At the beginning of 2020, I had a preventative mastectomy on my remaining breast.
So many of my friends and family were sad for me but I felt quite differently. I was taking control. I was taking proactive action and helping to reduce my risk. I was helping to take my body to a shape I preferred.
And when I woke up, I felt strength, relief, empowerment, and more confidence.
That was until I went out into public. Then my confidence plummeted again. It was only a couple of weeks after surgery that I went out for my husband’s birthday. I stayed flat as I didn’t want the pressure of a bra on my chest and I felt like EVERYBODY was staring at me. I felt like crying for the whole evening and couldn’t wait for the sanctuary of my own home. (Nobody was staring at me, by the way.)
Over the next few months, whenever I tried prosthetics, I felt like a fraud. This solution works for some, but it didn’t work for me. I felt like I was changing from one character when I dressed to another when I undressed. I started to question why I was making myself so miserable and why I was trying to force myself to accept those false boobs.
I learned that I didn’t like wearing prosthetics and I was going to live “flat”. That felt quite liberating and literally increased my confidence, just by making that decision. I quickly learned that there was no pretty underwear for women with a flat chest. I’d embraced my new shape, my flat chest, and refused to feel embarrassed or ashamed. Why should I? Why should I only have stretchy crop tops to wear for underwear? The stubborn Heather reared her head again!

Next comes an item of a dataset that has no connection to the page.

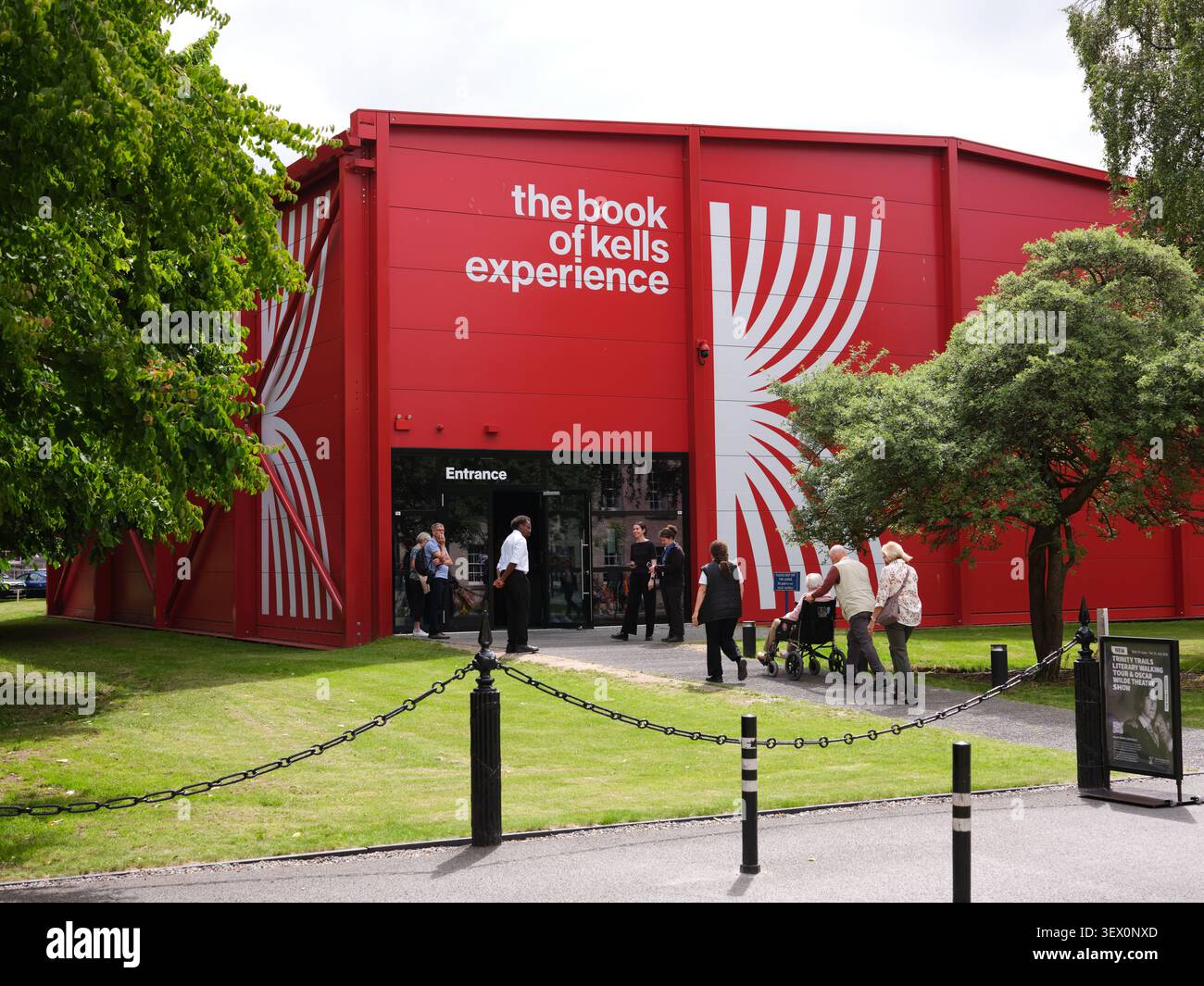 The Book of Kells Experience Building nel Trinity College di Dublino, città di Dublino, Irlanda. Foto Stock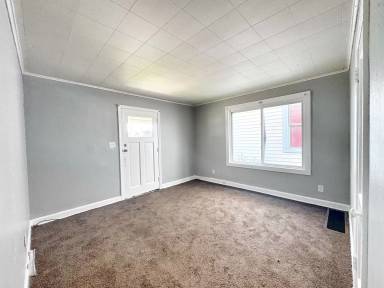 Main picture of 407 Webster Ave NE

Having no pretty lingerie for a flat chest really annoyed me. I wondered why:
- Shouldn’t we have the choice to wear a lacy bra just because we lost our breasts to this disease?
- Are we robbed of that pleasure as well as so much more?
- Is it thought a sexy bra is purely to support breasts?
As women, we’re brought up wearing underwear (most of us) and how many of us choose attractive sets when we’re dating, getting married, going on a night out or for an important job interview? It’s often the first piece of clothing we’ve learned to put on. We feel complete, dressed, and feminine.
I wanted to feel that way again.
And that’s how the Skarlette was born!
Well not just like that, but those revelations were the very first seed in the creation of our lingerie.
It’s designed by flat women for flat women.
It includes beautiful flat bralettes for those occasions we choose to wear lingerie.
Because we have the added perk that we don’t actually need to wear a bra for support, wearing a Skarlette is purely a matter of choice. And it’s a decision you can make for yourself after mastectomy when wearing lingerie helps you feel more like you.